THE DARING WOMEN OF THE OSS AND SOE

A welcome addition to WWII literature.

A group biography of the fearless young women who became secret agents during World War II.

Award-winning journalists Thomas (Operation Exodus: From the Nazi Death Camps to the Promised Land: A Perilous Journey That Shaped Israel's Fate, 2010, etc.) and Lewis (A Bullet Saved My Life: The Remarkable Adventures of Bob Peters, 2006, etc.) bring their talent for telling detail and brisk pacing to an engrossing history of women who worked for the United States and Britain as spies, cryptographers, analysts, couriers, and resistance fighters during World War II. Drawing from official records, memoirs, diaries, and letters, the authors detail the recruitment, training, and daring escapades of women who infiltrated enemy lines and carried out sabotage operations, ranging from stealing documents to blowing up railroad tracks. Risking their lives repeatedly, the women proved themselves ingenious and fearless.

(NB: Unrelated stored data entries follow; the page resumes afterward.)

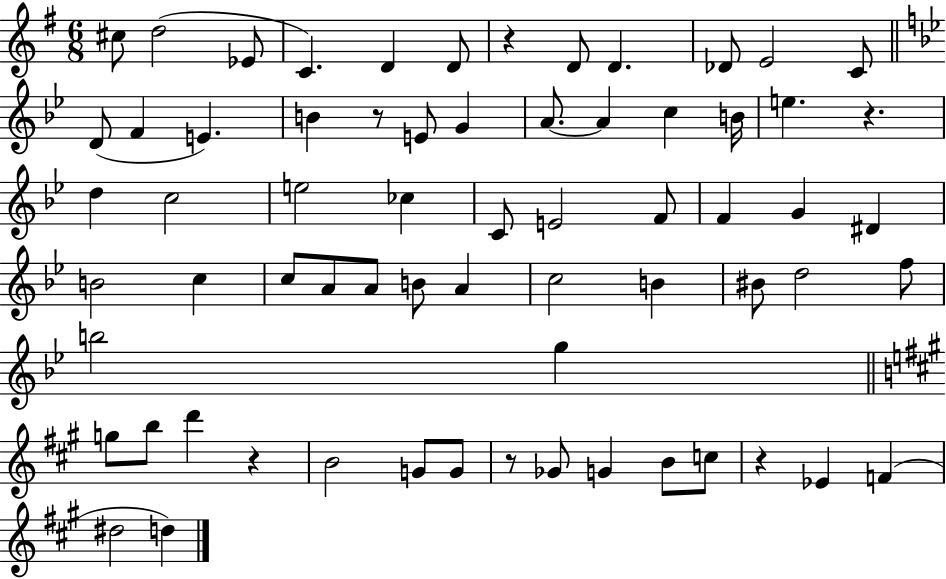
{
  \clef treble
  \numericTimeSignature
  \time 6/8
  \key g \major
  cis''8 d''2( ees'8 | c'4.) d'4 d'8 | r4 d'8 d'4. | des'8 e'2 c'8 | \break \bar "||" \break \key bes \major d'8( f'4 e'4.) | b'4 r8 e'8 g'4 | a'8.~~ a'4 c''4 b'16 | e''4. r4. | \break d''4 c''2 | e''2 ces''4 | c'8 e'2 f'8 | f'4 g'4 dis'4 | \break b'2 c''4 | c''8 a'8 a'8 b'8 a'4 | c''2 b'4 | bis'8 d''2 f''8 | \break b''2 g''4 | \bar "||" \break \key a \major g''8 b''8 d'''4 r4 | b'2 g'8 g'8 | r8 ges'8 g'4 b'8 c''8 | r4 ees'4 f'4( | \break dis''2 d''4) | \bar "|."
}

They were also, as the authors portray them, uncommonly attractive: slim, vivacious, charming, intelligent, quick-witted, and multilingual. Among them was the irresistible Betty Pack, who took countless lovers and became known as “the spy who slept her way to obtain information”; and Evangeline Bell, “intelligent, beautiful, mysterious, and ethereal,” who had the “demanding responsibility of ensuring there were no inconsistencies in the forged documents” and articles of clothing given to French agents. Any detail could result in arrest. French clothing, for example, was sewn “with parallel threading” rather than cross-stitches, a detail for which Bell had to be alert. Spies were taught how to pick locks, reassemble documents from scraps in trash baskets, live off the land, manage a safe landing in a parachute, make a cast of a key in a bar of soap, and canvass surroundings using a shop window’s reflection. Some training centers taught forgery, microphotography, and safecracking. Not all agents were successful: some were arrested, executed, or died in concentration camps, never seeing the victory for which they worked. The authors make a strong case for the importance of these women to the course of war, offering a fresh perspective on military history.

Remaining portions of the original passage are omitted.